Kuchnia

dania rybne

RYBA PO JAPOŃSKU
Myślę, że wielu z Was zna i lubi rybę po grecku. W ubiegłym roku pokazałam Wam w jaki sposób ją przygotowują i zachęcałam, aby znalazła się na Waszym świątecznym stole. Dzisiaj jednak chciałabym zapoznać Was z pyszną alternatywę dla wspomnianej ryby po grecku. Rybę po japońsku.

O ile konwencja obu dań jest dość podobna, tak smaki są już zupełnie inne. I muszę przyznać, że w tym roku zdradzę rybę po grecku właśnie dla tej wersji. Kombinacja warzyw oraz lekko słodki akcent sosu bardzo mi odpowiada.

Ja do przepisu użyłam polędwicy z dorsza, ale możecie równie dobrze użyć filetu z dorsza, mintaja, miruny, czy jakiejkolwiek innej białej ryby, chociaż oczywiście jakość ryby której użyjecie ma kluczowy wpływ na smak dania.


Składniki:



* 1,2 kg polędwicy z dorsza (można zastąpić inną białą rybą)

* 1 szklanka mąki pszennej (250 ml)

* 1 kopiasta łyżka mąki ziemniaczanej

* 230 ml zimnej wody

* 1 jajko

* 1/2 łyżeczki soli

* olej do smażenia (ok. 100 ml)



Sos:



* 3 cebule

* 1/2 pora

* 300 - 350 g chińskiej mrożonej mieszanki warzywnej

* 1 słoik papryki konserwowej

* 4 ogórki konserwowe (lub 10 małych korniszonków)

* 1 słoiczek koncentratu pomidorowego

* 3 łyżki ketchupu

* 1,5 szklanki wody

* 2 łyżki cukru

* 1 łyżka octu winnego

* sól i pieprz do smaku
Cebulę i pora kroimy w cienkie piórka i podsmażamy na oleju. Do zeszklonej cebuli dodajemy mieszankę warzyw oraz 2 większe szczypty soli i smażymy kilka minut od czasu do czasu mieszając. Kiedy warzywa są miękkie dodajemy pokrojone w plasterki ogórki, posiekaną w cienkie paseczki paprykę oraz wodę wymieszaną z cukrem, octem, ketchupem i koncentratem. Dokładnie mieszamy i gotujemy na wolnym ogniu przez około 3-4 minuty. Sos doprawiamy do smaku solą i pieprzem.

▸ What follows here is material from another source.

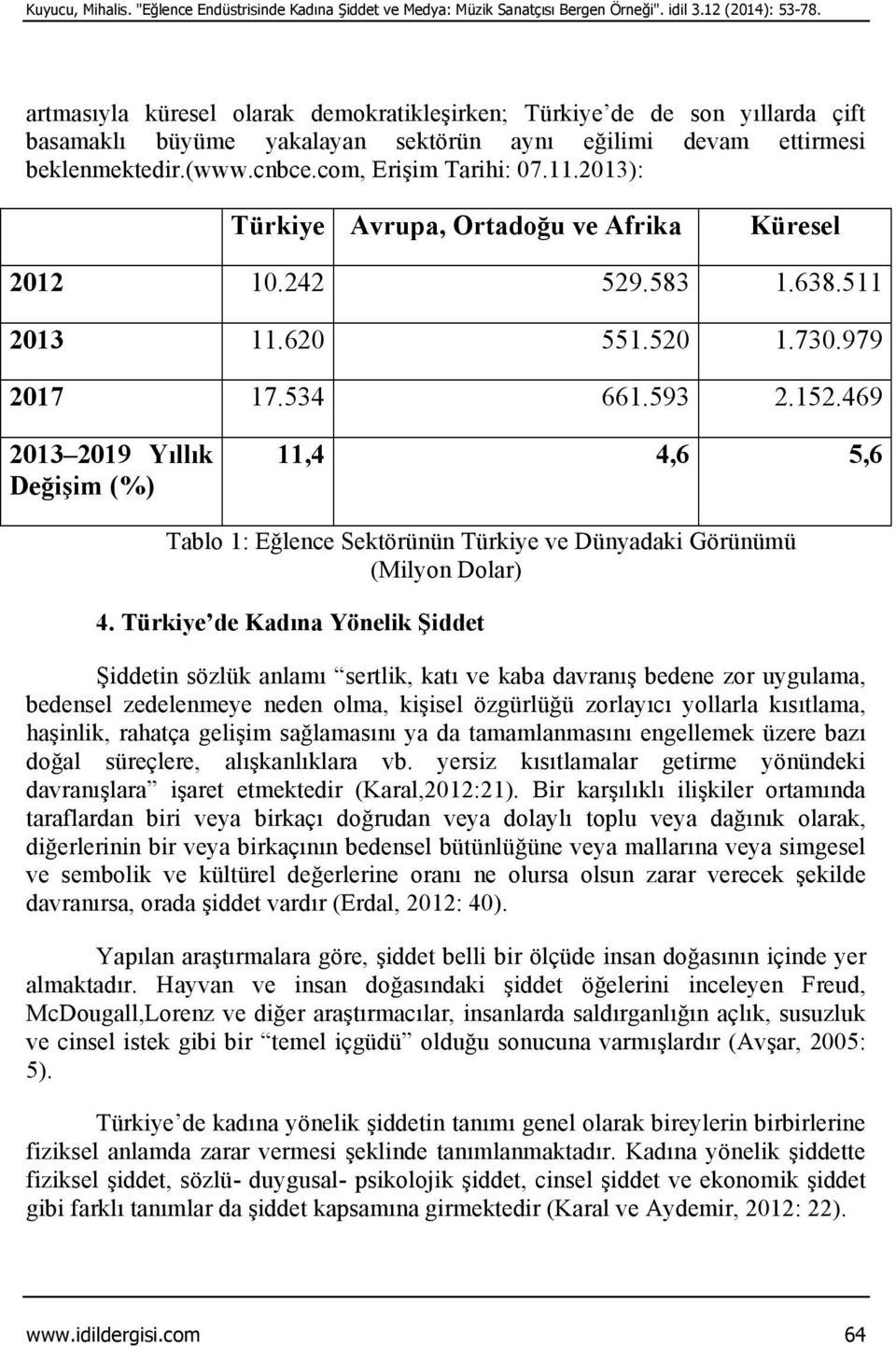 2013): Türkiye Avrupa, Ortadoğu ve Afrika Küresel 2012 10.242 529.583 1.638.511 2013 11.620 551.520 1.730.979 2017 17.534 661.593 2.152.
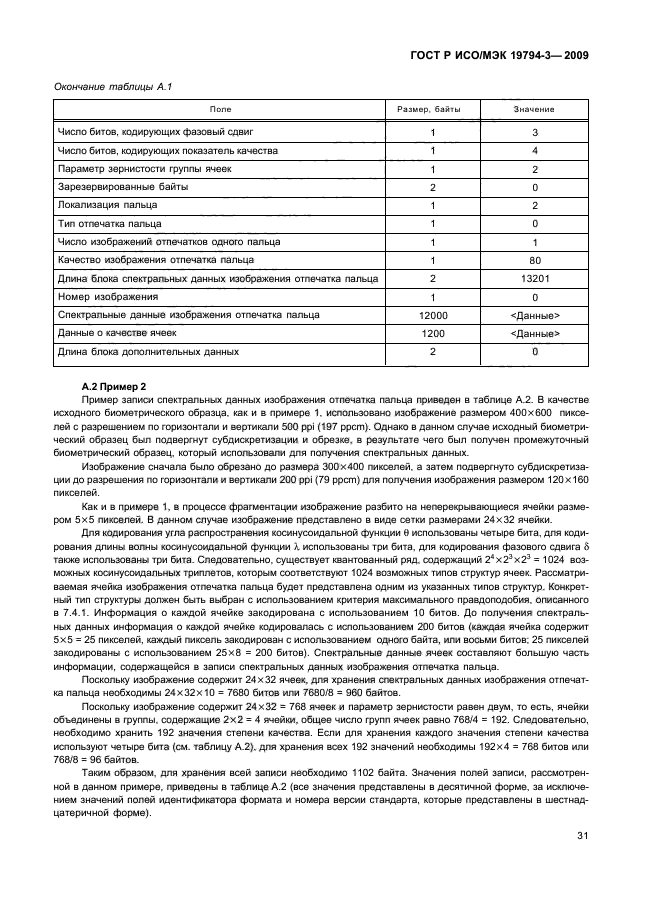 ГОСТ Р ИСО/МЭК 19794-3-2009,  35.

Rybę kroimy na mniejsze kawałki (u mnie było ich około 12) i oprószamy solą.

Oba rodzaje mąki łączymy z wodą, jajkiem oraz solą. Miksujemy do chwili powstania gładkiego ciasta (gęściejszego niż naleśnikowe). Każdy kawałek ryby zanurzamy w cieście i smażymy na rozgrzanym oleju do chwili, aż panierka się zrumieni.

Rybę możemy podać w taki sposób jak zrobiłam to ja, czyli na ciepło i na warzywach, lub w sposób właściwy dla tego dania, czyli wymieszaną z sosem i podawaną na zimno. Wówczas ryba najlepsza jest na drugi, a nawet trzeci dzień.